## WHAT TO DO
Write out the stretch of lines below that begins at the line with "Quadro Trello Call of Duty Black Ops 6" and ends at the line with "栄フェイスレイヤー透明感カラー小顔セミロングスタイル", including both, exactly as given and nothing more.

## AVAILABLE DATA

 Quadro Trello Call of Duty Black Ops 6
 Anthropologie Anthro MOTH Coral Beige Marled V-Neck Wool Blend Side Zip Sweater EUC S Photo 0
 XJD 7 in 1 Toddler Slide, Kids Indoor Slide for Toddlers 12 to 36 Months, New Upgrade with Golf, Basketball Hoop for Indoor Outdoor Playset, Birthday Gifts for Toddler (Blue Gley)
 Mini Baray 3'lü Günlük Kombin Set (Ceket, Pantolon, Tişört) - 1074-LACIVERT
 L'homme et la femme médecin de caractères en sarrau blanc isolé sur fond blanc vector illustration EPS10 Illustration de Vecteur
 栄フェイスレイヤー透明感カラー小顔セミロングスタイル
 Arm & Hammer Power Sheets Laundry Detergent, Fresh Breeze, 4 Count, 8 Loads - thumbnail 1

==

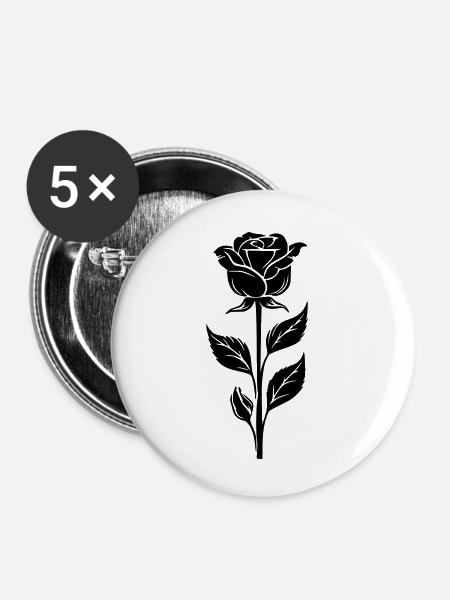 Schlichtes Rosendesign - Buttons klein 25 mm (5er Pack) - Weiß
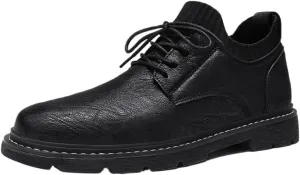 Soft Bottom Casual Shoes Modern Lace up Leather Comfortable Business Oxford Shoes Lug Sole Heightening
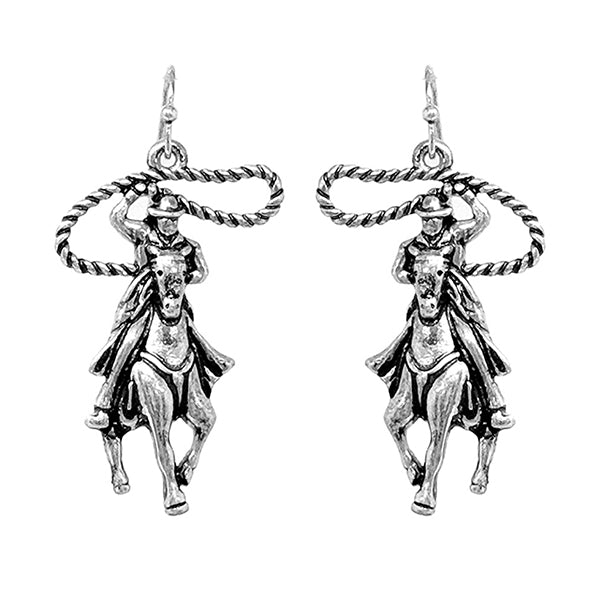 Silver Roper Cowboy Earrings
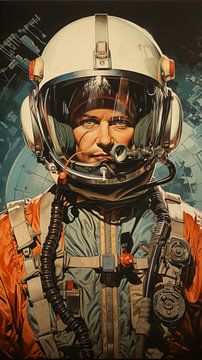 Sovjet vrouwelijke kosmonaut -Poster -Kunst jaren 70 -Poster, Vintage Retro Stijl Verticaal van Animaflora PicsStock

## ANSWER FOR THIS EXERCISE
 Quadro Trello Call of Duty Black Ops 6
 Anthropologie Anthro MOTH Coral Beige Marled V-Neck Wool Blend Side Zip Sweater EUC S Photo 0
 XJD 7 in 1 Toddler Slide, Kids Indoor Slide for Toddlers 12 to 36 Months, New Upgrade with Golf, Basketball Hoop for Indoor Outdoor Playset, Birthday Gifts for Toddler (Blue Gley)
 Mini Baray 3'lü Günlük Kombin Set (Ceket, Pantolon, Tişört) - 1074-LACIVERT
 L'homme et la femme médecin de caractères en sarrau blanc isolé sur fond blanc vector illustration EPS10 Illustration de Vecteur
 栄フェイスレイヤー透明感カラー小顔セミロングスタイル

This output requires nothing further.